Early relationships affect each person’s attachment style, and this attachment style tends to persist in adult relationships. PACT endeavors to help couples create secure attachments within the relationship and to address the effects of attachment threats. Better management of arousal—including fear and distress—in the moment can help couples understand one another and work through conflict, which can undermine the ability of one partner to understand the other, or even to correctly remember the source of the conflict. The PACT method also emphasizes that repetitive physiological reactions, such as the fight, flight, fawn response, can undermine communication and trust, and PACT treatment focuses on noticing and understanding these in-the-moment responses.
Therapists trained in PACT: Lisa Palladino
What is the Gottman Method?
The Gottman Method is an approach to couples therapy that includes a thorough assessment of the couple’s relationship, and integrates research-based interventions based on the Sound Relationship House Theory. The goals of Gottman Method Couples Therapy are to disarm conflicting verbal communication; increase intimacy, respect, and affection; remove barriers that create a feeling of stagnancy; and create a heightened sense of empathy and understanding within the context of the relationship.

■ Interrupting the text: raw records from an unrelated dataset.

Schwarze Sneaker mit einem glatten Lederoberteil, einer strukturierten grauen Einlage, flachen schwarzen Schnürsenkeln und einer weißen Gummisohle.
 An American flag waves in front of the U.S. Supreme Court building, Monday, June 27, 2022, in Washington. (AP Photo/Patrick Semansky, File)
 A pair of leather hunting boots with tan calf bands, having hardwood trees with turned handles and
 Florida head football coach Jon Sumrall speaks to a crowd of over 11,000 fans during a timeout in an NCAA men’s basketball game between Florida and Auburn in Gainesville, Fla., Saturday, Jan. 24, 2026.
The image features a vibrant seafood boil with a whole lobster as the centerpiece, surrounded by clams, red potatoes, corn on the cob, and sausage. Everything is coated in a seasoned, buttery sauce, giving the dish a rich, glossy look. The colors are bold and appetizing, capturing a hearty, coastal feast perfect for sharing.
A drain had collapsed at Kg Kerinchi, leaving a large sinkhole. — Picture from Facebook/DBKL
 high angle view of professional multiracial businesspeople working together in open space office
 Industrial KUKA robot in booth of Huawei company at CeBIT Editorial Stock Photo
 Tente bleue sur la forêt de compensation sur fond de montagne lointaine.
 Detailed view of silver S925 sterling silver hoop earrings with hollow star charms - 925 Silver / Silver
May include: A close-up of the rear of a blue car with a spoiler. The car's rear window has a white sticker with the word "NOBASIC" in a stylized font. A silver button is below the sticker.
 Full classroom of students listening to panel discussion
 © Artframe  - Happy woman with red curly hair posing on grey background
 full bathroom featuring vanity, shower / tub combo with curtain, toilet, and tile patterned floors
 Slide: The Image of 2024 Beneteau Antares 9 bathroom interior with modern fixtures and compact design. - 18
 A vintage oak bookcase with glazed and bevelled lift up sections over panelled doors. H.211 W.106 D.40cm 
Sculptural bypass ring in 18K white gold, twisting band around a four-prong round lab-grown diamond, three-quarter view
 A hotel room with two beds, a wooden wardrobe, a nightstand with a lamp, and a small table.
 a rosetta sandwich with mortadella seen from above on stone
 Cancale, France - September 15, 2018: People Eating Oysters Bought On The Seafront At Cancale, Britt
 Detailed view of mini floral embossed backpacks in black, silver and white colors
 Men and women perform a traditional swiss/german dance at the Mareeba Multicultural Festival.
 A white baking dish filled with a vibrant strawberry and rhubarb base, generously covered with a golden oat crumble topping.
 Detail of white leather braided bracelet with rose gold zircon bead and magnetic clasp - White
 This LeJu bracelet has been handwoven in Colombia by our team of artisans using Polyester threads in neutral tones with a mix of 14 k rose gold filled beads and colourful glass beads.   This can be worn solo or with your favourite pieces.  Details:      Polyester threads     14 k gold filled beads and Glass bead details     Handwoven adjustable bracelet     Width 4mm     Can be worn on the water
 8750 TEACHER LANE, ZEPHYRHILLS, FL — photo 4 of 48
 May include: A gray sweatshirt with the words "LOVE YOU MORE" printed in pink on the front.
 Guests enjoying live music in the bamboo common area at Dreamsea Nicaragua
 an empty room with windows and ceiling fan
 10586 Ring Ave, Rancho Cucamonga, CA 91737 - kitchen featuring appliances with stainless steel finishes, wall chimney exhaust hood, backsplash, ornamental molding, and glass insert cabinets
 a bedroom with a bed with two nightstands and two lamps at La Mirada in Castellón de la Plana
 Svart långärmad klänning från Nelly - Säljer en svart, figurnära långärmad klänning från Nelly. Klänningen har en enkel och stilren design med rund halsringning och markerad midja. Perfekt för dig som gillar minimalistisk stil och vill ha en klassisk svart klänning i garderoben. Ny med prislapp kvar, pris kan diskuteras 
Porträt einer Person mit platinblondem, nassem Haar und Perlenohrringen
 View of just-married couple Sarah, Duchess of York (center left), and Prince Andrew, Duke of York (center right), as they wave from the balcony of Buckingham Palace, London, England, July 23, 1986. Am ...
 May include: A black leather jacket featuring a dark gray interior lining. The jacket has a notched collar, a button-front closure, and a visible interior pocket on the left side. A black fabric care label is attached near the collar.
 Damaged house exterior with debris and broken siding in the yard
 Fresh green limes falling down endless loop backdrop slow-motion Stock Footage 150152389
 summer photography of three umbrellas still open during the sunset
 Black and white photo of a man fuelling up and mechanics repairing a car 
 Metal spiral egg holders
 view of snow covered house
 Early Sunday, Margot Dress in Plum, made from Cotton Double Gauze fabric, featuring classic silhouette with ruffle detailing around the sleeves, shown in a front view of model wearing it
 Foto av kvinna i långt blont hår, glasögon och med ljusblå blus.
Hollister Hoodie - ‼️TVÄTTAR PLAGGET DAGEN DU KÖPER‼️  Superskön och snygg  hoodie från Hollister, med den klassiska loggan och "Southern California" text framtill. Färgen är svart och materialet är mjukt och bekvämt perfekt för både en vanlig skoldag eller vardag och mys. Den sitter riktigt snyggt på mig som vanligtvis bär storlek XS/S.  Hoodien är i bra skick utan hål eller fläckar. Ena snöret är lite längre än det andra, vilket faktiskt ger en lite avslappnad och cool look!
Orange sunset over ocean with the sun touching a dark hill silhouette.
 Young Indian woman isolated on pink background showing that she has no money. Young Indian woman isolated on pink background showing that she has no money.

The Gottman Method is designed to support couples across all economic, racial, sexual orientation, and cultural sectors.
Interventions are designed to help couples strengthen their relationships in three primary areas: friendship, conflict management, and creation of shared meaning. Couples learn to replace negative conflict patterns with positive interactions and to repair past hurts. Interventions designed to increase closeness and intimacy are used to improve friendship, deepen emotional connection, and create changes which enhances the couples shared goals. Relapse prevention is also addressed.
Some of the relationship issues that may be addressed in therapy include:
Frequent conflict and arguments
Poor communication
Emotionally distanced couples on the verge of separation
Specific problems such as sexual difficulties, infidelity, money, and parenting
Even couples with “normal” levels of conflict may benefit from the Gottman Method Couples Therapy. Gottman-trained therapists aim to help couples build stronger relationships overall and healthier ways to cope with issues as they arise in the future.